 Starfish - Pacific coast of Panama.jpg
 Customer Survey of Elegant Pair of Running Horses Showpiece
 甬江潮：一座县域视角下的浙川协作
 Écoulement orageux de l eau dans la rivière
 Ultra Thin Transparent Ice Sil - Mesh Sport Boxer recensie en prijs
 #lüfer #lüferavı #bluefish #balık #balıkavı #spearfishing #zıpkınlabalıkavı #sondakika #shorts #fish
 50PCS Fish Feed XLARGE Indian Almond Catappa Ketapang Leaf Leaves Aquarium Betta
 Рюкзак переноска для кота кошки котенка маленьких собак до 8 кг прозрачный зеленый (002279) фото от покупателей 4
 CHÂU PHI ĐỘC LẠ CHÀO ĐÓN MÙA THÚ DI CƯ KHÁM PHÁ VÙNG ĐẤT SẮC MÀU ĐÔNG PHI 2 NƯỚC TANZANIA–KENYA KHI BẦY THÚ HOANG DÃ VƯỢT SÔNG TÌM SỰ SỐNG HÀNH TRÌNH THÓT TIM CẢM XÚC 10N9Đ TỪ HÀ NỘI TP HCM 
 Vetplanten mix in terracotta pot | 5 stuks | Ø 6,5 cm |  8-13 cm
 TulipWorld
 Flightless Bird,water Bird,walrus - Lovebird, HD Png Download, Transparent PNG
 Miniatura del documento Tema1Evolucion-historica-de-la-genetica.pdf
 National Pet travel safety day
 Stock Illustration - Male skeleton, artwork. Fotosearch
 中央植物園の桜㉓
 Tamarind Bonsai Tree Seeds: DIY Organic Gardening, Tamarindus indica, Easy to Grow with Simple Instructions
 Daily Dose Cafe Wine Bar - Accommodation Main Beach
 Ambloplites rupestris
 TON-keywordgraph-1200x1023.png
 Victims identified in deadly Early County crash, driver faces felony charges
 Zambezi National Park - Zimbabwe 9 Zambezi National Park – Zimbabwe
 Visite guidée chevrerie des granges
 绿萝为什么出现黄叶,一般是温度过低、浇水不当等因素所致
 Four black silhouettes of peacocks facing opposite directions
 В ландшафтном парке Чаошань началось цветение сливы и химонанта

****************

[Brief]
How many of the lines in the material hold the word "Transparent"? Give that number alone.

[Finished task]
2